Phase-dependent transport in thermally-driven superconducting single-electron transistors

TL;DR

This paper explores how temperature differences drive heat and charge transport in a superconducting single-electron transistor, revealing phase-dependent thermoelectric effects influenced by Coulomb interactions and virtual tunneling.

Contribution

It introduces a theoretical framework that accounts for strong interactions and nonequilibrium conditions, highlighting phase-dependent thermoelectric phenomena in superconducting transistors.

Findings

Finite heat and charge currents occur near particle-hole symmetry due to temperature bias.

Phase difference influences charge currents even with symmetric temperature bias.
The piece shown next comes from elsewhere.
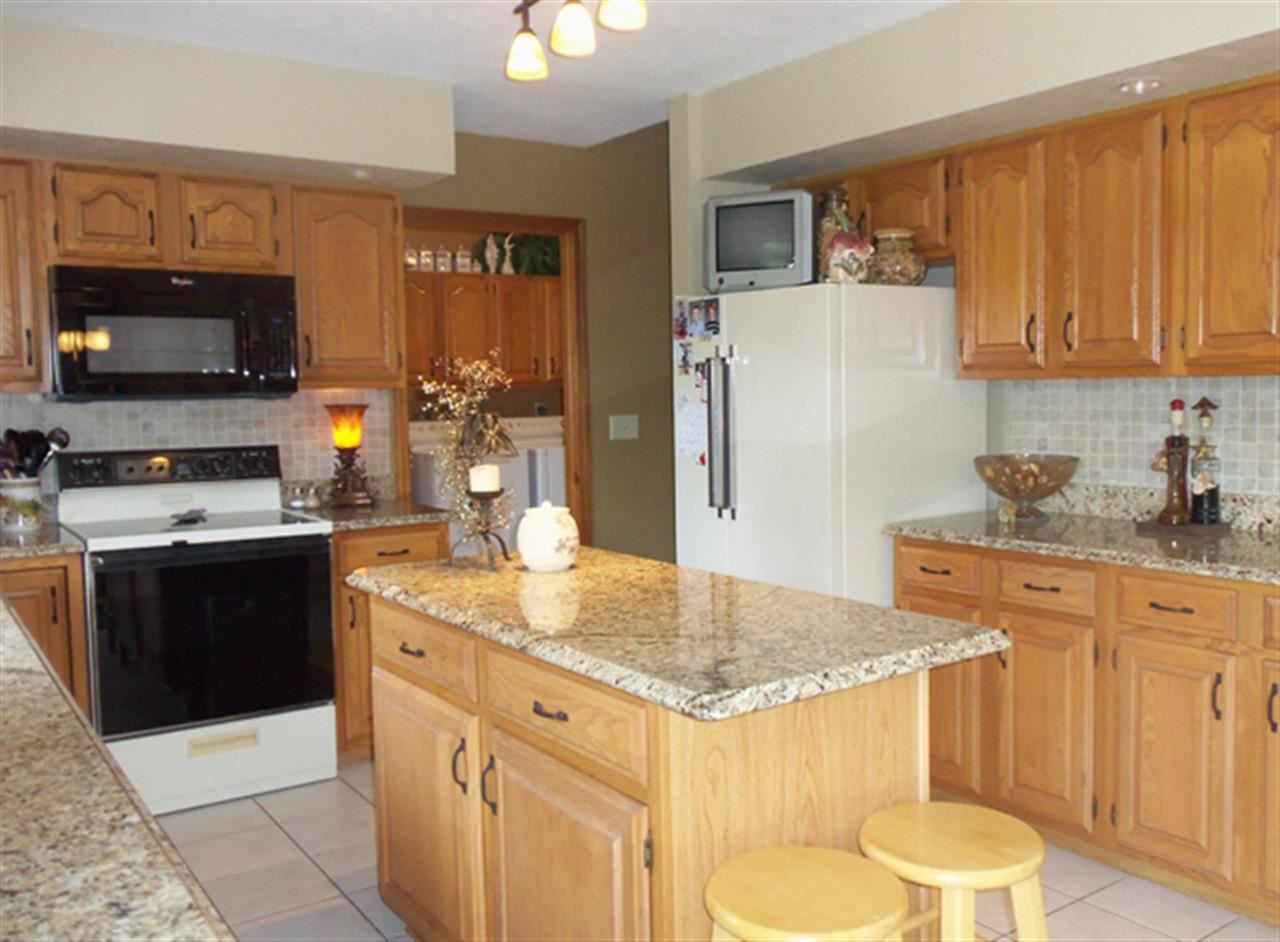 7733 Hillsboro Dr, Newburgh, IN 47630 photo 10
Level renormalization from virtual tunneling causes thermoelectric effects.

Abstract

We investigate thermally-driven transport of heat and charge in a superconducting single-electron transistor by means of a real-time diagrammatic transport theory. Our theoretical approach allows us to account for strong Coulomb interactions and arbitrary nonequilibrium conditions while performing a systematic expansion in the tunnel coupling. We find that a temperature bias across the system gives rise to finite heat and charge currents close to the particle-hole symmetric point which depend both on the gate voltage as well as on the phase difference between the superconducting reservoirs. The finite thermoelectric effect arises due to level renormalization from virtual tunneling processes. Furthermore, we find that the phase bias can give rise to finite charge currents even in the presence of an inversion-symmetric temperature bias.